■ **YOUR ASSIGNMENT**
Check each line of the data for "Casa" and select those that have it.

▼▼▼

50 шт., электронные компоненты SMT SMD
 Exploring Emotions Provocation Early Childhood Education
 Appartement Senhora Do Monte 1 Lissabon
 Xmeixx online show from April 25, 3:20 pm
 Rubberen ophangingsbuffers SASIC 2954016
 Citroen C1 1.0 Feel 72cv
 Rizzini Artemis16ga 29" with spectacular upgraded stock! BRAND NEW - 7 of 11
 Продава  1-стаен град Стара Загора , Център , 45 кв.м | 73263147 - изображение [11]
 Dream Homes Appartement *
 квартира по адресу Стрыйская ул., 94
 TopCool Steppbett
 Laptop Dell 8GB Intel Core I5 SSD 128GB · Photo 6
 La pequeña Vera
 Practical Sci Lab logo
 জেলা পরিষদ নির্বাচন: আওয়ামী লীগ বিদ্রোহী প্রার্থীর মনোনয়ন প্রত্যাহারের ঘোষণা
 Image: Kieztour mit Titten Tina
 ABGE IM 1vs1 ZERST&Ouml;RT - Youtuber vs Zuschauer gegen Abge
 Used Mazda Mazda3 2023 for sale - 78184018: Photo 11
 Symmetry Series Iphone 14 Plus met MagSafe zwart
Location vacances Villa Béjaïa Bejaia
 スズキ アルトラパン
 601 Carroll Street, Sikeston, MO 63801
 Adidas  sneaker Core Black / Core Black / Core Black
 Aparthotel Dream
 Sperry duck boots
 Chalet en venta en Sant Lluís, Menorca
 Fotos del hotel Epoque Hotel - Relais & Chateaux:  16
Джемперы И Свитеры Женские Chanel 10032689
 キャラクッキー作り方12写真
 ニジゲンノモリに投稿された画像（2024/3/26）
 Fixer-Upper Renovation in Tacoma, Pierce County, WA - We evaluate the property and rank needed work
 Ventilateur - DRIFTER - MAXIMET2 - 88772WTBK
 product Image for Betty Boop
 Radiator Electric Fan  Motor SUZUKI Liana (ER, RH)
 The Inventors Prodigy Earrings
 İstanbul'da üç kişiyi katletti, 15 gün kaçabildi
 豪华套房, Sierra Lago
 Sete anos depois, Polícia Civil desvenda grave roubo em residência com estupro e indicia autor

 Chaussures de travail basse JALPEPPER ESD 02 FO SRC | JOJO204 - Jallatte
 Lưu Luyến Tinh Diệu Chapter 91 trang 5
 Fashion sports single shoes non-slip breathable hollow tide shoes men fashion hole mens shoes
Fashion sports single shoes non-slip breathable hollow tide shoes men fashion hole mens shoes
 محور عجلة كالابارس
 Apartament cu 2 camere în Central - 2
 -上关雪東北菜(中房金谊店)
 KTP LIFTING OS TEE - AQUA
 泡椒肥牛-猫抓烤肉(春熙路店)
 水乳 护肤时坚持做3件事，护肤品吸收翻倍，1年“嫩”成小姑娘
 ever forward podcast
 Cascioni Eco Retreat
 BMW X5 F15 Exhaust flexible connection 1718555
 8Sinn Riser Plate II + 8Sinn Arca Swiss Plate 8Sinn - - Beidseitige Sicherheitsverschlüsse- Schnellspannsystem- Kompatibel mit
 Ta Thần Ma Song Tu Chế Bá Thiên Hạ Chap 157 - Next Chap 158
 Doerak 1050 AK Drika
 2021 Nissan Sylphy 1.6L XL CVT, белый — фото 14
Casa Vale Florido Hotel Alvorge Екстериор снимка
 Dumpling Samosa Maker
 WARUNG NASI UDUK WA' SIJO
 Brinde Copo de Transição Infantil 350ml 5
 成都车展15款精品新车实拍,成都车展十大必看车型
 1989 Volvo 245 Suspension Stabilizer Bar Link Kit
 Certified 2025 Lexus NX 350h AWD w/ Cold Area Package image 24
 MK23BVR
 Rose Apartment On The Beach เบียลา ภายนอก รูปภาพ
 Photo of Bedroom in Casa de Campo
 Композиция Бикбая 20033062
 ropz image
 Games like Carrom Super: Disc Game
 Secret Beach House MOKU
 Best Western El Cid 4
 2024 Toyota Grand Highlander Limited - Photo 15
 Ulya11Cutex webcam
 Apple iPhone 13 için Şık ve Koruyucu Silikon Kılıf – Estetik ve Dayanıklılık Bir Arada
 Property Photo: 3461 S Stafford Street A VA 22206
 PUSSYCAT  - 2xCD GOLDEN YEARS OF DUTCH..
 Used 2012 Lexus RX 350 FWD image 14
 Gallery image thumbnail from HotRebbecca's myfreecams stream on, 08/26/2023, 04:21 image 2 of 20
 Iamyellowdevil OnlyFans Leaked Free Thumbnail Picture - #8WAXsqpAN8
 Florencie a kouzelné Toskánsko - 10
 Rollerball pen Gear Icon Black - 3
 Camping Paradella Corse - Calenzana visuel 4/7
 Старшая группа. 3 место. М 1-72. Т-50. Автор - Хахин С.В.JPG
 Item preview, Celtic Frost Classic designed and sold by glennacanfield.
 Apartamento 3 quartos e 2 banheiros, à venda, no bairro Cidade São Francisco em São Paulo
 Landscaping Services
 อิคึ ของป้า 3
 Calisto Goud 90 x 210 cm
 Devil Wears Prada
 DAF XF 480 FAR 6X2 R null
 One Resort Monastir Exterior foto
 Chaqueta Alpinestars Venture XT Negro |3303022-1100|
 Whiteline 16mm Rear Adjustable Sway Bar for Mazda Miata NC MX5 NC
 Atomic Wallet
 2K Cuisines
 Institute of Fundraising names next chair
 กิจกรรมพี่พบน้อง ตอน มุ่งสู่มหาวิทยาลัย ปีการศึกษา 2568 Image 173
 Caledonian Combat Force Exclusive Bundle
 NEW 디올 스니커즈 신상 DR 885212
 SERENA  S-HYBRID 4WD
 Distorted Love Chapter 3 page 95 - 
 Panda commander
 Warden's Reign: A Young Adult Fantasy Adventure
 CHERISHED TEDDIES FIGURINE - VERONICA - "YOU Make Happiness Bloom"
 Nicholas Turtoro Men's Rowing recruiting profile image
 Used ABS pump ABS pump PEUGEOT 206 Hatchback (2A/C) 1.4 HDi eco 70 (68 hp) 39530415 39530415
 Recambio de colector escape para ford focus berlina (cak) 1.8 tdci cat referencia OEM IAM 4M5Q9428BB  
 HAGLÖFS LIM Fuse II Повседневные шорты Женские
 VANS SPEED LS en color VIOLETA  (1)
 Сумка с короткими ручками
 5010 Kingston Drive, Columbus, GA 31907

▲▲▲

■ **TASK RESULT**
Casa Vale Florido Hotel Alvorge Екстериор снимка
 Photo of Bedroom in Casa de Campo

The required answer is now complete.